Gideon opened up a smaller portion of the screen, and typed in
Give exact coordinates of this plane.
A lengthy string of numbers showed up on this portion of the screen. Gideon circled all the numbers and enlarged them, stacking them one on top of the other. All three sets matched exactly, down to five decimal places.
“Satisfied?” Gideon asked in a harsh voice.
Tessa shook her head. She touched the dotted lines frozen mid-fall from the blips of light on the computer screen.
“Then these aren’t bombs,” she said. “Or—they were all duds. Empty casings.”
She was proud of herself for coming up with this explanation. There were rumors sometimes, back in Waterford City, about
how the stories the military told about their glorious victories couldn’t all be true. “If they were, don’t you think we’d have won the whole war by now, not just a battle here and there?” some people argued.

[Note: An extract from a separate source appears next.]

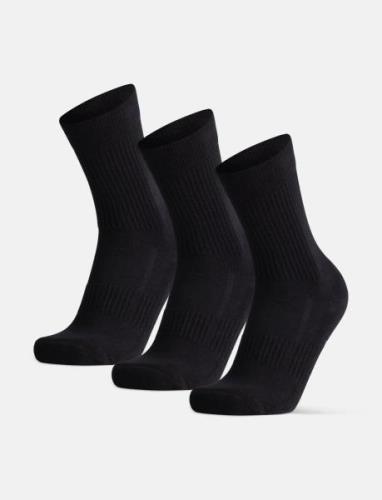 Tennis Performance Crew Socks 3 Pack Sport Socks Regular Socks Black D...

Gideon enlarged the bombing image so that it overshadowed the trio of matching numbers. He unfroze the image, letting the footage advance.
“T minus three,” he intoned. “T minus two. T minus one …”
On the screen the dotted lines streamed down to the
X
marking the target. Then the screen blanked out momentarily before flashing the words
Direct hit! Direct hit! Direct hit!
“See?” Gideon said. He began typing in yet another flurry of numbers and letters, bringing up even more indecipherable code. Though, now that she was watching more carefully, Tessa noticed that the code always included the geographical coordinates Gideon had shown her earlier.
“All the data in the entire military system shows that we were incinerated three minutes ago,” Gideon insisted, returning to the same screenfuls of information again and again. “Everything shows that!”
“Except that we’re still alive,” Tessa murmured.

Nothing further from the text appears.